Back in the late 1980s/early 1990s, I was editor of the 40 page monthly
magazine _Blue Notes_ for San Francisco PC User Group. SFpcUG had a
talent for committing interesting organisational errors in a large and
creative variety of ways, and I always looked forward with eager
anticipation to the next one. (I immortalised one such anecdote about
SFpcUG politics in the Linux User Group HOWTO,
http://linuxmafia.com/lug/User-Group-HOWTO-7.html#ss7.4 .)
One time, SFpcUG President Tom McLoughlin was trying to figure out what
was the best day of the week for the monthly meeting. (I try not to
mock Tom. He's a nice guy, and was trying to do the right thing for
members.) Tom dealt with his statistical sampling problem, thus:
1. Convene the current first Thursday meeting at the current location.
2. Ask how many members in attendence like first Thursdays.
Trying not to smile, I gently pointed out his unquestioned assumption
that the subset of the membership present on the meeting was
sufficiently representative of the whole.
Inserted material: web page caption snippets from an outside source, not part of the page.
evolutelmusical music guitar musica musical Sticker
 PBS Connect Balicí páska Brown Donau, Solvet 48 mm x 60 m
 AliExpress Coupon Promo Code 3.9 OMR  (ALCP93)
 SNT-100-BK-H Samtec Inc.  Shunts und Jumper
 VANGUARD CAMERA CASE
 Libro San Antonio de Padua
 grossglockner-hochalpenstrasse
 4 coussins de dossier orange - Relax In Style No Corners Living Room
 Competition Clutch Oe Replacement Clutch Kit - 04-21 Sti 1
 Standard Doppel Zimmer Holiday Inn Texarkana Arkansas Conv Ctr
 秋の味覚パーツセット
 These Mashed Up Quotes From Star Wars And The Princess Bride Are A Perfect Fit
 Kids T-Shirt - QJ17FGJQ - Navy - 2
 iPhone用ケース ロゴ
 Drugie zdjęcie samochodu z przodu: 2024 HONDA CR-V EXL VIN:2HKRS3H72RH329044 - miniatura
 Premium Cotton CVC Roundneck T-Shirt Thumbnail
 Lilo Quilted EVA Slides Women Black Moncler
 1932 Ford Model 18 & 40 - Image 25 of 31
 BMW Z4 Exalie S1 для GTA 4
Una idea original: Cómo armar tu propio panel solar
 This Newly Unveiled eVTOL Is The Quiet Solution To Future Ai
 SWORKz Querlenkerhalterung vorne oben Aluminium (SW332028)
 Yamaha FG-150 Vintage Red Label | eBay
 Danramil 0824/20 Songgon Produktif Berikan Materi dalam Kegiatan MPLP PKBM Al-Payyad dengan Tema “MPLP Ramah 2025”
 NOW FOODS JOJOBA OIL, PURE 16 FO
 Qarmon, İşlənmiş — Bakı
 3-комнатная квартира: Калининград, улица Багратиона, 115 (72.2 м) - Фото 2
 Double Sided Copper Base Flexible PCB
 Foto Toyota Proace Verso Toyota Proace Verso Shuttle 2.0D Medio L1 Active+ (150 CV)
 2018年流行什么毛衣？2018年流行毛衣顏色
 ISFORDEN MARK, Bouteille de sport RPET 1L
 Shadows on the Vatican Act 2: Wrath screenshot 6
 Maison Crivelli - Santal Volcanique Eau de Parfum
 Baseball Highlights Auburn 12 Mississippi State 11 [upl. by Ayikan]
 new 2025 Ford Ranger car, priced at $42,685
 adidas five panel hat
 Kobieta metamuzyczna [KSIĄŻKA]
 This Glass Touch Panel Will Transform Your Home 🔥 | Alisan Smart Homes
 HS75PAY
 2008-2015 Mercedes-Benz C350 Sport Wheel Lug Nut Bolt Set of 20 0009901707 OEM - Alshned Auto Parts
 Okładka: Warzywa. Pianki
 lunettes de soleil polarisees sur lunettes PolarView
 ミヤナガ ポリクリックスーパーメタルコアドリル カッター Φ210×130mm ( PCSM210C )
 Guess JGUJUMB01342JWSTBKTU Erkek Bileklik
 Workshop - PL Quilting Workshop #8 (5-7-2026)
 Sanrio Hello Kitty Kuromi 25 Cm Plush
In particular, I said, it's
entirely possible that people present on first Thursdays have a higher
than average likelihood of finding first Thursdays convenient, and, if
he'd asked a second Wednesdays crowd the same question, he'd be
astonished at how much they tended to prefer that.
A high proportion of people on mailing lists think mailing lists are great.
A high proportion of people on Web forums think Web forums are great.
Parties in my back yard are of course better than both, according to
a poll of people attending parties in my back yard.